Sunday, 5 July 2009

Who am I? Who are you?

The BBC World Service broadcast an interesting documentary contrasting the multicultural nature of Marseille with the default assimilation of other French cities, including Paris.

Marseille sounds like a great place, with communities originating from north Africa, the Indian Ocean, southern Europe and more. France doesn't measure ethnicities in its censuses apparently, but the unofficial figures indicate Marseille is 25% Muslim. Until recently, they were forbidden a Mosque, but this is now changing. Support for this seems to come from many places, including Marseille's Jewish community. A contrast was provided with other French cities, which saw disenfranchised communities rising-up, in 2005 and 2007, whereas Marseille remained calm.

I loved hearing all the different Marseille voices, explaining that Marseille is more connected to the Atlantic than to the rest of France; that being a port keeps it open-minded; and that while they have no problems with the rest of France, Paris doesn't understand them. Most of the interviewees also expressed their identity as, for example, Marseille-Moroccan, rather than French-Moroccan.

This reminded me of my own situation - my family background is Scottish-Jewish, but I was born in, and mainly lived in London. I've only briefly lived in Scotland and while I am ethnically half-Jewish, I'm also an atheist...so I'm never quite sure where to place myself. I feel uncomfortable thinking of myself as British, which seems to conjure-up nationalism and imperialism. I don't subscribe to the values of middle England (or middle Wales/Scotland/northern Ireland - there must be similar phenomena there). I'm not English, despite many years of living in England. Although I have a very Scottish name, I don't have a Scottish accent, nor a Scottish town to call home.

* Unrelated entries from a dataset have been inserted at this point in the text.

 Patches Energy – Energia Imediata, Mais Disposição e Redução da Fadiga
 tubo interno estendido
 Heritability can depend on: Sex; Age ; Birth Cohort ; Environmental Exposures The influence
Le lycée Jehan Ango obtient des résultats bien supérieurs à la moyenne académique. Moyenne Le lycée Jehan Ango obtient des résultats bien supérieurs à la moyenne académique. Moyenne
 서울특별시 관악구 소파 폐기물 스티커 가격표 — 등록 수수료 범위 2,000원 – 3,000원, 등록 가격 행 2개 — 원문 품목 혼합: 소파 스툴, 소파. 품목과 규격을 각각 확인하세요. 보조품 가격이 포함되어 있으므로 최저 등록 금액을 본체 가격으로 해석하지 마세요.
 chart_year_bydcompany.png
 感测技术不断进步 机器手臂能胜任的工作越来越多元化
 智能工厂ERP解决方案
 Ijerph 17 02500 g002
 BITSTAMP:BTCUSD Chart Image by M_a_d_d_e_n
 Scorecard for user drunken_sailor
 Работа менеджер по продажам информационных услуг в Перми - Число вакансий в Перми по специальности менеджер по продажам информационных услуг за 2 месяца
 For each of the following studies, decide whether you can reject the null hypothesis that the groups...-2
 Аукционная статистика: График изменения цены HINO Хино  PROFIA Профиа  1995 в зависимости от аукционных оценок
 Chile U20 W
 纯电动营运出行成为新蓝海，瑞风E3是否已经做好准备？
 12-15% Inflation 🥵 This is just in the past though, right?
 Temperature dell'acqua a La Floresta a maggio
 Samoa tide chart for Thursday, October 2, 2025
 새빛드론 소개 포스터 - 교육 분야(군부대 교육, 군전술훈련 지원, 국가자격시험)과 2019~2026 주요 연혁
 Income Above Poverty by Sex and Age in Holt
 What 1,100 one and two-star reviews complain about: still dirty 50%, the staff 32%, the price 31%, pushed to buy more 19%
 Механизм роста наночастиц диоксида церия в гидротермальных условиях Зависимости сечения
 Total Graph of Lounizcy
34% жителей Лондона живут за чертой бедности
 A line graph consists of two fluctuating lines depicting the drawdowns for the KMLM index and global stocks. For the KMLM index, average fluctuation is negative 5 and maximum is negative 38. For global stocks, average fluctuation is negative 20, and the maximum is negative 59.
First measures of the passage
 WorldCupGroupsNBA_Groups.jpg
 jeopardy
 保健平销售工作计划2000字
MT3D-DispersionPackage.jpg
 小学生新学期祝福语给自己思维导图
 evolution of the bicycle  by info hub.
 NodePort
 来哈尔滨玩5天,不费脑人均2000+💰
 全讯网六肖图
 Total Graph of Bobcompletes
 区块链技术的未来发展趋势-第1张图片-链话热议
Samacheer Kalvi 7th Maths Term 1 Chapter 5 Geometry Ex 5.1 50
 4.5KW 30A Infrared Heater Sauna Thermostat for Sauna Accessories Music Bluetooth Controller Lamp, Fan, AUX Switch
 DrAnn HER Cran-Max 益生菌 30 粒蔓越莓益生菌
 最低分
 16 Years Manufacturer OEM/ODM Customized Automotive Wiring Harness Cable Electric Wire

It was while studying the Open University course Open to Change that I had the space to reflect on my identity - and decided on Scottish-Jewish-Londoner. It's a mouthful, but it probably reflects my life.

How do you describe your identity - is it national, regional, to do with family history? What other ways are there, perhaps to create your own identity? Can either multiculturalism or assimilation ever be the answer?